Deep Purple – Now What?! (2013)

Share this:

With Now What?!, Deep Purple doesn’t simply return, it sets out to remind you of everything that once made this band a contender for Led Zeppelin’s throne in the early 1970s as the biggest heavy-rocking band of them all.

Now What?!”, due April 30, 2013 via earMusic, finds Ian Gillan and Co. once again masterfully blending the metal, progressive rock and R&B influences that gave Deep Purple its unique persona — even as they stir in new flourishes to keep things fresh.

So, you have stalwarts Ian Paice and Roger Glover catching a murderous groove for “Weirdistan,” which features some of guitarist Steve Morse’s gnarliest outbursts — but also “Out of Hand,” with its math-rocky cadence. The opening track “A Simple Song” embodies all of that complexity, beginning with a twilit moment of reverie before Deep Purple quickly reengages with its own patented sense of shambolic thunder-grooving tumult — kicked off by a throwback organ gurgle courtesy of Don Airey that’s so tough it could have been a Jon Lord sample.

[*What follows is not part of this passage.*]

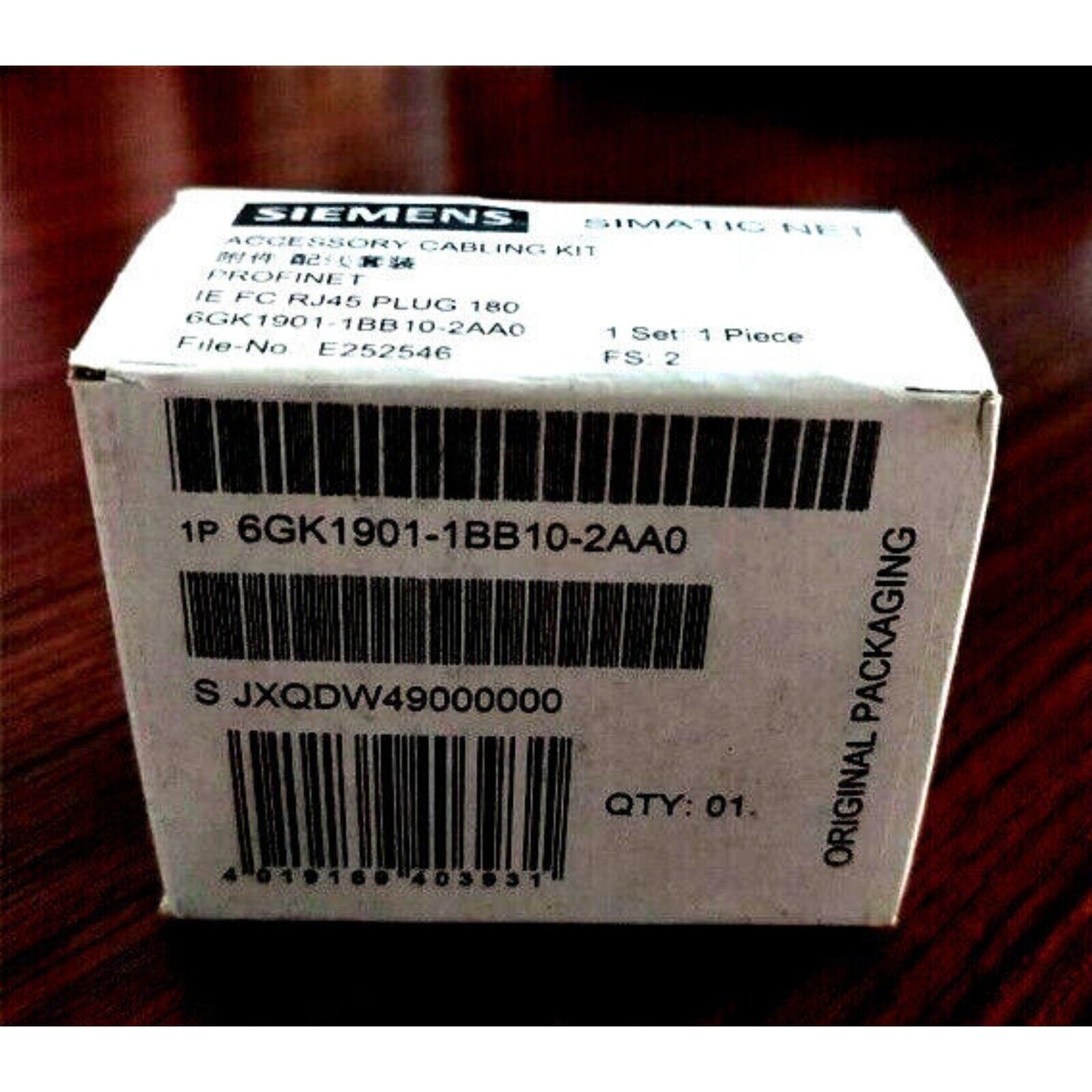Siemens 6GK1901-1BB10-2AA0 Fast Connect RJ45 Plug box, industrial automation part, Original Packaging.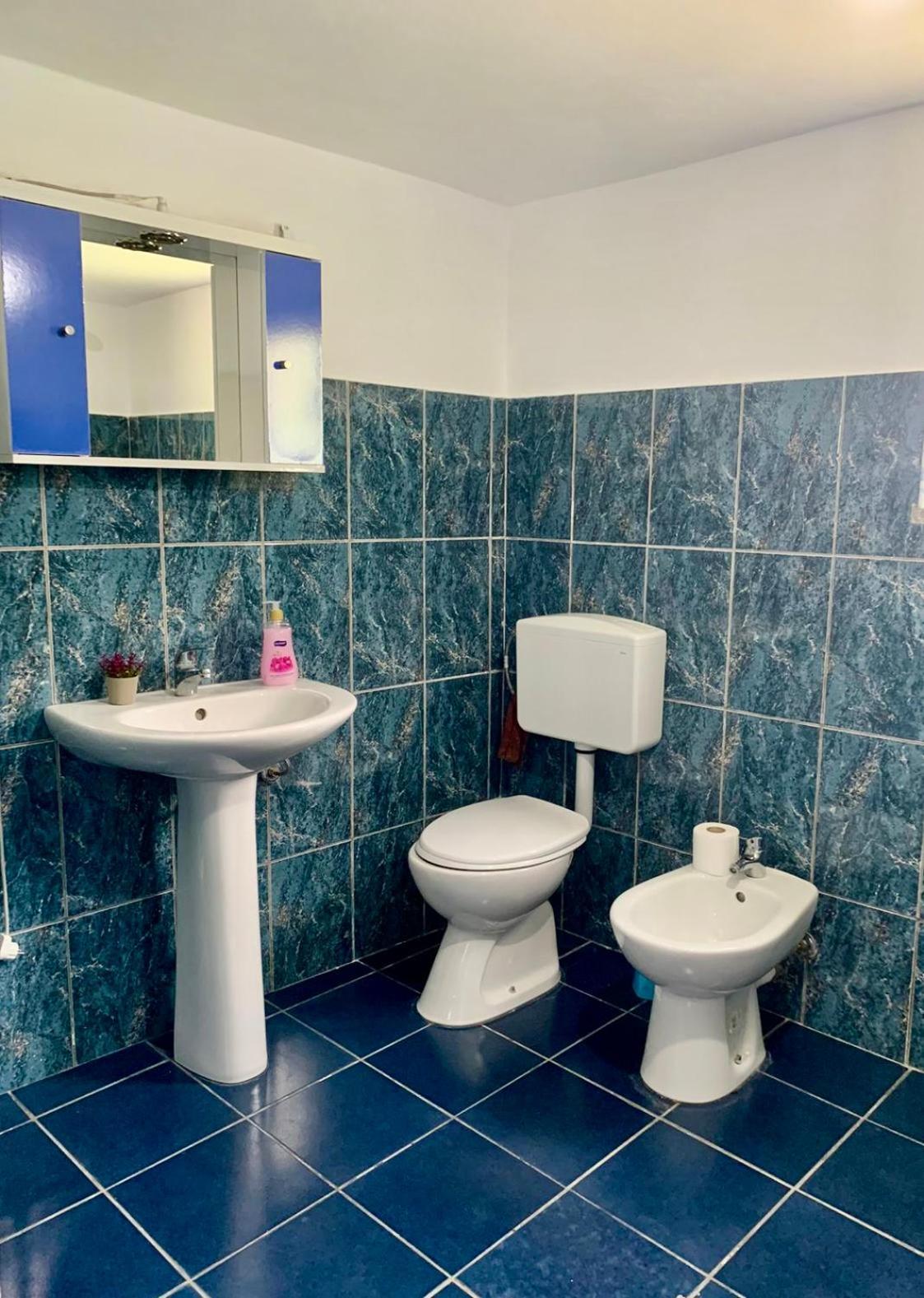 Guest House Noku Koman Εξωτερικό φωτογραφία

“Body Line” and “Apres Vous,” meanwhile, are delights straight out of the Machine Head Music era, while “Above and Beyond” edges into the netherworlds of Fireball-era prog. The spooky “Blood from a Stone” rises up like a billowing raincloud, even as “All the Time in the World” allows a still-resonant Gillan to settle into the lower, more emotional reaches of his vocal range.

Not all of it works. So complete is the band’s resurgence on Now What?!, in fact, that the advance track “Hell to Pay” — welcomed upon its release as a return to form — ends up sounding a bit by-the-numbers in this complex and yet utterly listenable new context. Meanwhile, “Uncommon Man,” the longest track here, is perhaps unsurprisingly a bit unfocused — and the horror-themed “Vincent Price” is more fun than it is substantial.

Still, those brief stumbles take nothing away from the triumphal return that is Now What?!, a third-act success that should reignite the passion of Deep Purple’s oldest fans — while, if there’s any justice, creating legions of new ones along the way.